People have so many different tastes and so many different ways of expressing them, and when it comes to people’s tastes, preferences or opinions, there is no ‘right answer’.

But despite there being no right answer, we still find ourselves looking over the recommendations/search results given to us by our favorite apps and judging whether those results are right or not. In recent years, we’ve seen the introduction of location-based services, promoted within social media and review recommendation sites, such as Yelp or TripAdvisor, yet these sites and services are unable to quickly, easily, immediately find what we want owing to the restrictive nature of keyword-based search.

Let’s look at an example. You want to find a romantic hotel that specializes in romantic programs like spas and romantic-lit restaurants, but also won’t break the bank. If you were to go into a traditional trip / hotel recommendation app, you would have to sort by location and price, and then look through the hotels one-by-one until you find the reviews / information that fits all of your desired specifications. Wouldn’t it be nice to search just once and immediately be supplied with the results you want?

Consumers aren’t looking for just name and location anymore when they search for hotels. Of course, this information helps, but they want to know more specific information and they want this information fast and provided in a convenient, easy-to-read manner.

Once we transcend the keyword paradigm, we can start to solving all sorts of problems. Maybe shower water-pressure is really important to you. Using public available data sources, we can find out hotel/motel water pressure and draw inferences, which can then organized, classified and presented in a user-friendly search feature.

Now let’s take a look at TV on demand / video streaming services. Most television/video content providers readily admit that their user base only accesses around 10%, or less, of available content (citation needed).

Yet, these services have to maintain massive content libraries and deal with all the associated management/upkeep costs.

If you were to take a popular network like HBO, of course consumers know about their big hits: their Game of Thrones, their Westworlds, but what about their other content?

What about older content? What about networks that have even larger libraries than HBO, but consumers only really consume their top show of the season/year? If consumers don’t already know the keyword for what they are looking for (‘Game of Thrones’ for example), it can be hard to find content. And that’s a real shame when you think that there may be TV shows, books, streams, etc. that match your tastes but you’ll never know because you don’t know how to find them.

We’re now able to get a better grasp on user tastes/preferences as people search and communicate online in a more conversation-like manner.

Not only can we classify data in new ways, like ‘hotels with high water-pressure showers,’ or ‘movies with character-driven plots,’ but we are finding that words themselves can have different meaning in different contexts.

The criteria by which we judge a movie to be ‘creative’ may be different from the criteria by which we judge a restaurant to be ‘creative’.

And to complete matters, what we, in our broad collective consciousness define as ‘creative’ changes over time and in real-time.

If you think about it, it makes some logical sense that tastes and preferences are continuously changing and evolving.

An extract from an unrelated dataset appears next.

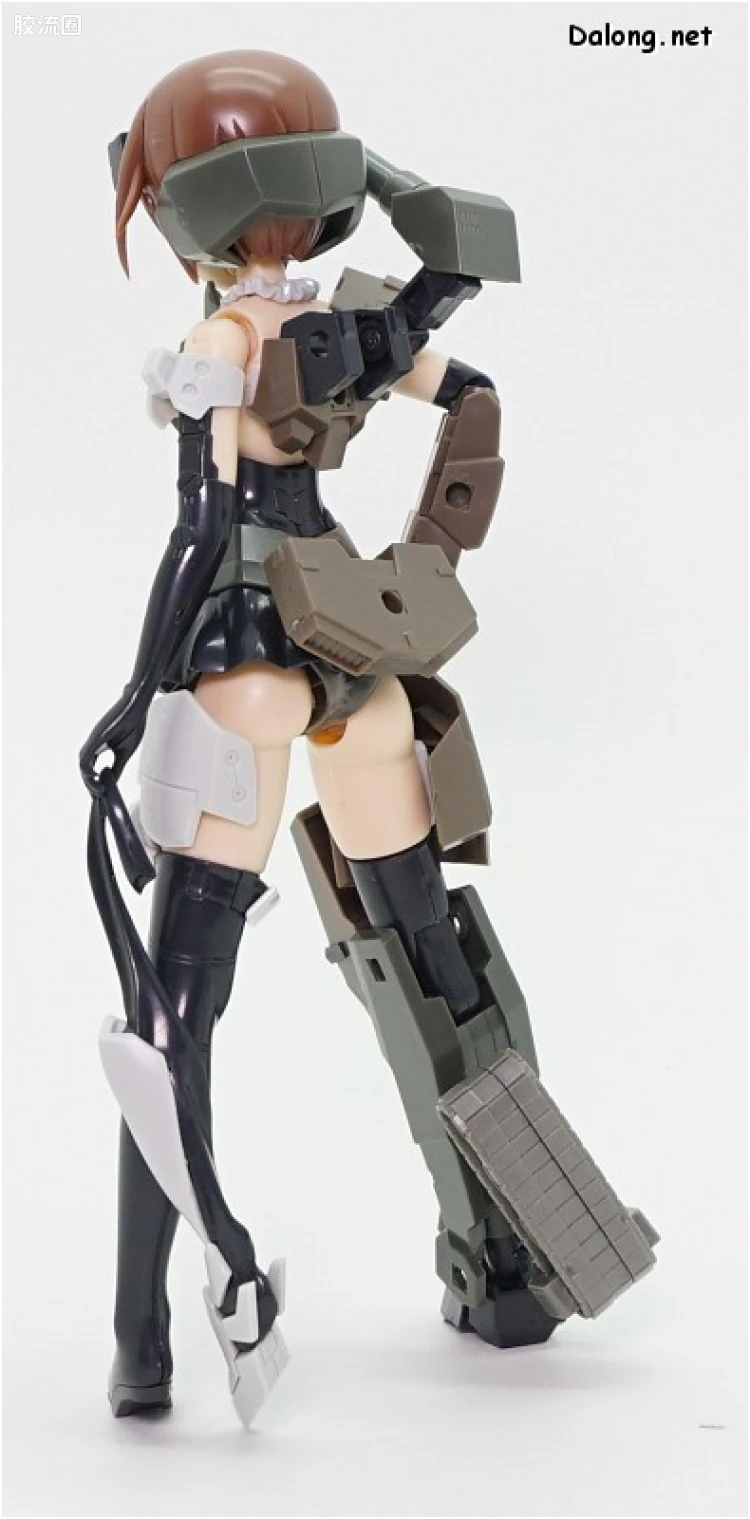 FAG Little Armory x FAG 轰雷 10式 Ver. - 图片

Humans, as we grow and mature, like different things than we used to when we were younger. Things that were popular in the 90s were not popular in the 2000s.

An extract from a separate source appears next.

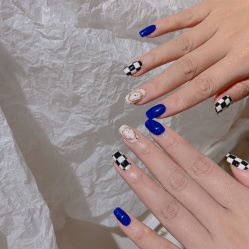 -NEW LOOK-绿麓 · 美甲美睫脱毛工作室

So, this idea is not some new or novel thing. However, with the advent of big data and big data processing technologies, we can now, more than ever before, understand these trends as they develop and evolve.

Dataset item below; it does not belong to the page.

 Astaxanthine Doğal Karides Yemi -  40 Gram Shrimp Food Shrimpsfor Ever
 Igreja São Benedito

To take celebrity relationships for an example, as soon as the next power couple ala Brangelina starts dating, there is an enormous amount of data created about them as people gossip, comment and follow the relationship.

This in turn ends up influencing the way the public looks at these celebrities and can change their tastes/opinions about these celebrities and the productions they show up in.

This is just 1 more reason why we need to move away from keyword-based searches which seeks to connect keywords to specific right answers. We need to develop and apply new data classification systems that take into account natural language, tastes, and context, and do so in a manner that moves away from a ‘answer finding’ methodology and moves towards a ‘problem solving’ one.

OK, so we know that people’s tastes are different, and that they change over time… but let’s take 1 more step back.

Take a concept like boredom. Some people, when they are bored are looking for an easy-to-watch, feel-good romantic comedy movie, while other people want something more exciting, like a thriller – or they might not want to watch a movie at all, they may want to go out and do something.

With so much information out there, in a world where everyone has their own unique tastes and preferences and each question has a different answer for different people in different situations, can we move away from a keyworld ‘right answer/wrong answer’ approach and move towards a problem solving approach that takes into account all of these variables at the same time?

Mycelebs developed a new data classification system that uses machine learning techniques and natural language understanding technologies to classify data by people’s tastes, preferences, and sentiments, context – time, place and occasion, and categorical characteristics – color, quality, etc. from real natural language that people use as they go about their lives.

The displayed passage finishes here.